売上が月150万円、仕入が月100万円の会社で、売上の入金サイトが2ヶ月、仕入の支払サイトが1ヶ月、買ってから売れるまで在庫になるのが1ヶ月分とします。
そうすると、年間の売上高が1,800万円、仕入高が1,200万円、利益が600万円となります。
損益計算書
損益計算書にすると
売上高1,800万円
仕入高1,200万円
利益 600万円
となりますね。
貸借対照表
では、貸借対照表にするとどうでしょうか?資本金(元手)を300万円の会社だと過程しましょう。
(資産の部)
現金預金 600万円
売掛金 300万円(2ヶ月分の売上が未入金)
商品 100万円(1ヶ月分の仕入が在庫)
◆資産合計 1,000万円
(負債の部)
買掛金 100万円(1ヶ月分の仕入100万円が未払)
◆負債合計 100万円
(資本の部)
資本金 300万円
利益 600万円(損益計算書の利益より)
◆資本合計 900万円
◆負債・資本合計 1,000万円
資産の合計と負債資本の合計が一致するので貸借対照表と呼ばれているのですね。
なぜ貸借対照表がこうなるかがわかると、良く言われる貸借対照表が読めるということになります。
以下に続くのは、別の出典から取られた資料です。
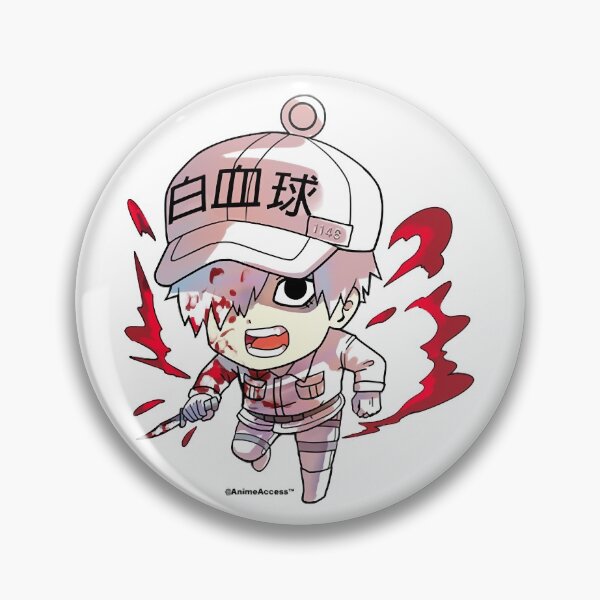 Item preview, Hataraku Saibou Cells at Work - White Blood Cell  designed and sold by CherylKato.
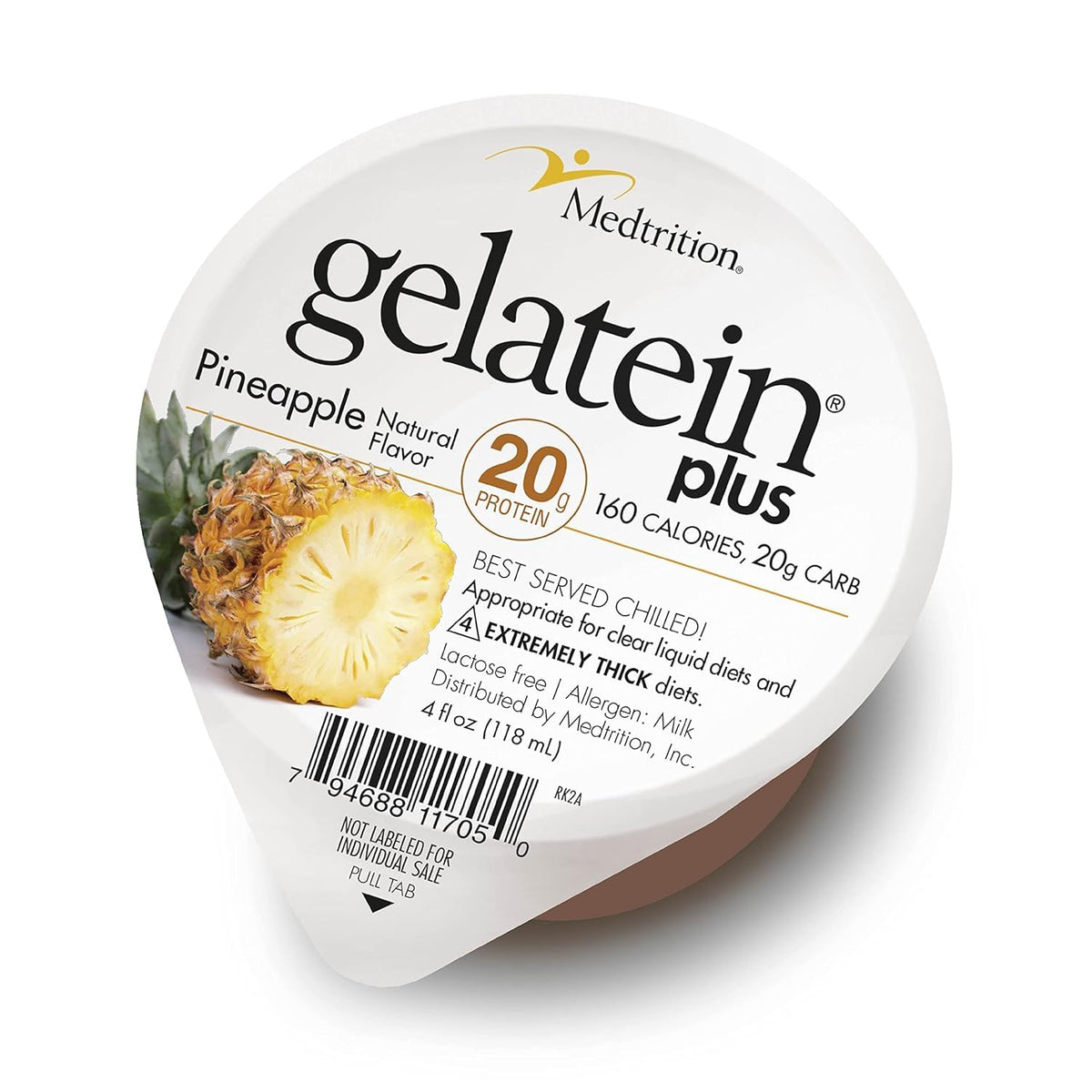 Medtrition ProSource Gelatein Plus Pineapple bottle pour shows easy protein source for restricted diets
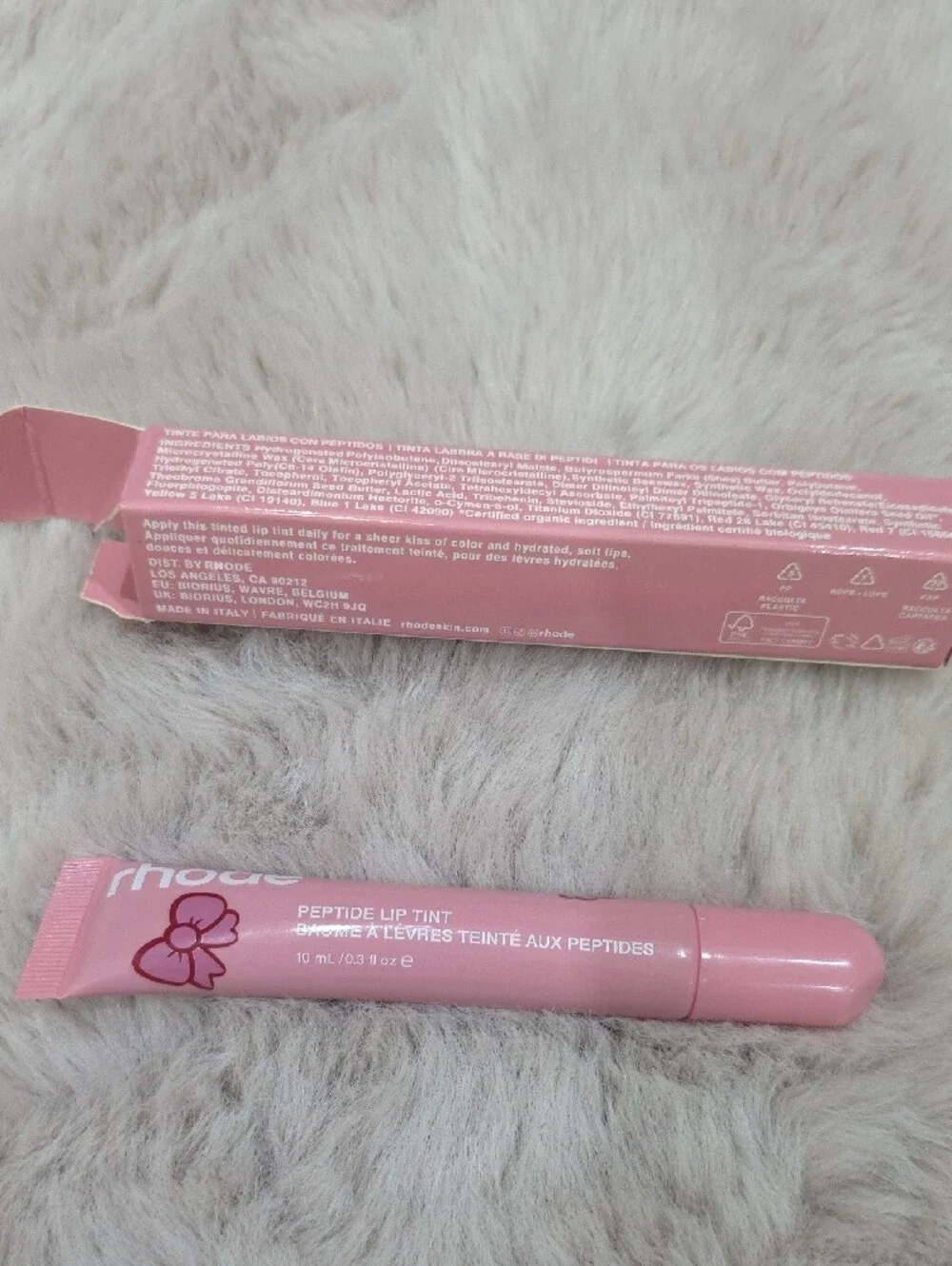 Rhode Scented Peptide Lip Tint – Ribbon 🎀 Limited Edition - New In Box
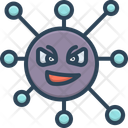 Virus Bacteria Cell Icon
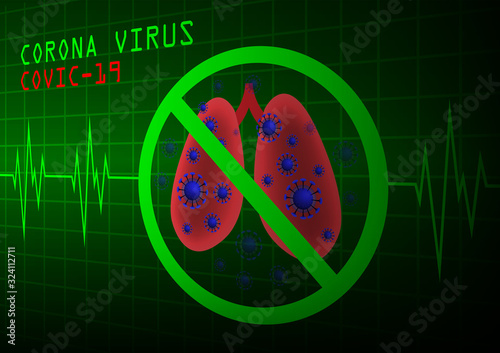 Dangerous chinese ncov corona virus, covic-19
少しずつお伝えしていこうと思います。
翌年の貸借対照表を予想しましょう
さてこの取引が2年目は2倍になるとすると
損益計算書
売上高 3,600万円
仕入高 2,400万円
利益 1,200万円
となります。
貸借対照表は
(資産の部)
現金預金 1,500万円
売掛金 600万円(2ヶ月分の売上が未入金)
商品 200万円(1ヶ月分の仕入が在庫)
◆資産合計 2,300万円
(負債の部)
買掛金 200万円(1ヶ月分の仕入100万円が未払)
◆負債合計 200万円
(資本の部)
資本金 300万円
前年利益 600万円(損益計算書の利益より)
今年利益 1,200万円
◆資本合計 2,100万円
◆負債・資本合計 2,300万円
となり、現金預金は600万円から1,500万円になり、資金繰りはうまくいく結果となります。
貸借対照表のシミュレーションの仕方
これが未来の貸借対照表をシミュレーションする時の基本的な考え方となります。
今ある損益計算書と貸借対照表から、月商売上1,800万÷12=150万円と算出し、貸借対照表の売掛金300万円÷月商150万円=2ヶ月と計算できますね。
その上で翌年の売上目標が2倍なら月商も2倍になるはずなので、月商300万円×2ヶ月=600万円の売掛金になるというのが予測できます。
同じように買掛金や在庫もシミュレーションできます。
次回は更に詳しく計算の仕方をお伝えしていきます。